'I'll Be Gone in the Dark' is a novel but flawed look at the hunt for the Golden State Killer

4 years ago 471

(CNN)"I'll Be Gone in the Dark" isn't your usual, run-of-the-mill crime docu-series, which explains why it's a bit of a structural mess. Too drawn out at six parts, at its best it's a deeply personal ode to the late author and amateur crime sleuth Michelle McNamara, her dogged work to catch the Golden State Killer, and a sweetly told love story with comic Patton Oswalt.

McNamara's blog, "True Crime Diary," eventually became a lengthy Los Angeles magazine article and, finally, a book that shares the title of the docu-series.
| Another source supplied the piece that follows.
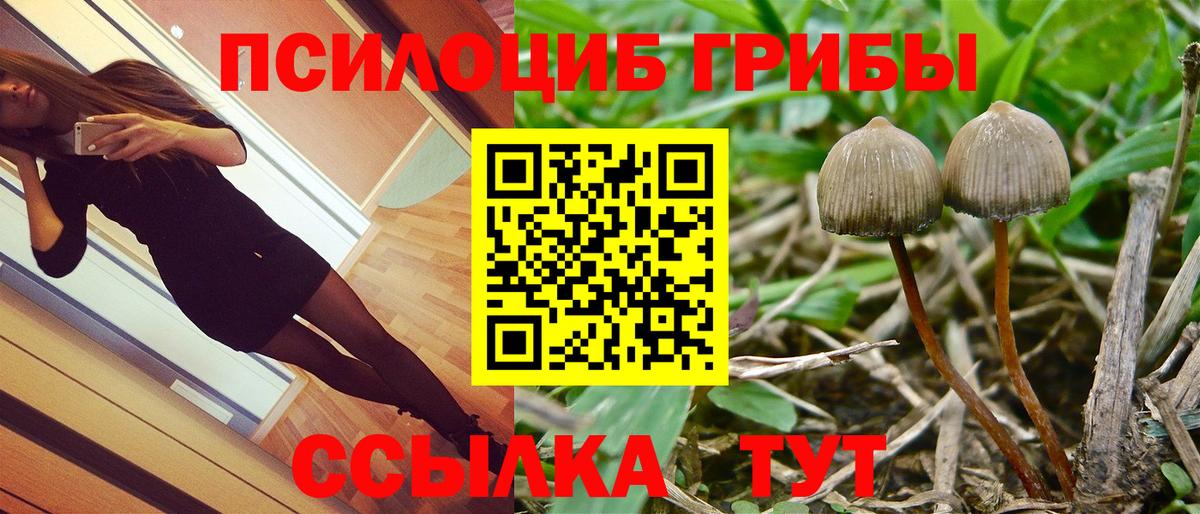 как найти   Вход с VPN  Челябинск  Галлюциногенные грибы Psilocybine cubensis 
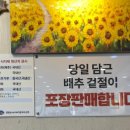 알토랑바지락칼국수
Yet that was published after her death in 2016, when she tragically died at age 46.

Produced by Liz Garbus and including Oswalt among its executive producers, the episodes bounce around dizzily: McNamara's fascination with the serial rapist who later became a murderer ("The great tragedy of this case to me is that it's not better known," she observes); the network of friends she developed among other "citizen detectives," a strange, eccentric subculture; and her courtship and marriage to Oswalt, bonding over bad movies.

The series flits from topic to topic, interviewing Oswalt, McNamara's family, crime-solving associates, retired detectives and victims of the man originally dubbed the East Area Rapist, whose capture -- after 50 rapes and a dozen killings in the 1970s and '80s -- provided posthumous validation of McNamara's crusade to identify him.

Along the way, the project exposes the era's attitudes about rape and sex crimes that impeded efforts to solve them -- including the blaming and shaming of victims.

Michelle McNamara, author of 'I'll Be Gone in the Dark.'

McNamara's personality came out through in her writing (excerpts are read by actress Amy Ryan), and the docu-series conveys a similar personal touch. Still, it's more difficult to translate an author's digressions and asides into a TV format without feeling muddled -- as this intermittently does -- in terms of building a narrative.

Taken from something the killer said, "I'll Be Gone in the Dark" proves most effective in tackling McNamara's personal story, including how devastated Oswalt was to lose his wife and have to explain what happened to their young daughter.

"You can say you're through with grief all you want, but grief will let you know when it's done," he says.

There is also, more upliftingly, a sense of triumph in the arrest of then-72-year-old Joseph James DeAngelo, tracked down with the help of genetic DNA testing, prompting astonishment among McNamara's circle that this "pathetic old man" could be the monster that haunted investigators for all these years.

The project is certainly timely, with reports that DeAngelo will plead guilty to avoid the death penalty. The arc of the documentary, however, is a bit of a slog -- a drawback that also plagued HBO's multi-part "McMillions." Although the nature of those projects is quite different, both suggest that the practice of stretching true-crime tales over five or six hours merely demonstrates that not every documentary, even one this distinctive, can bear that weight.

There are affecting moments scattered throughout "I'll Be Gone in the Dark." The best way to watch it, though, might be to record the whole thing and zap through certain parts -- doing the editing, essentially, that the filmmakers didn't.

"I'll Be Gone in the Dark" premieres June 28 at 10 p.m. on HBO. Like CNN, HBO is a unit of WarnerMedia.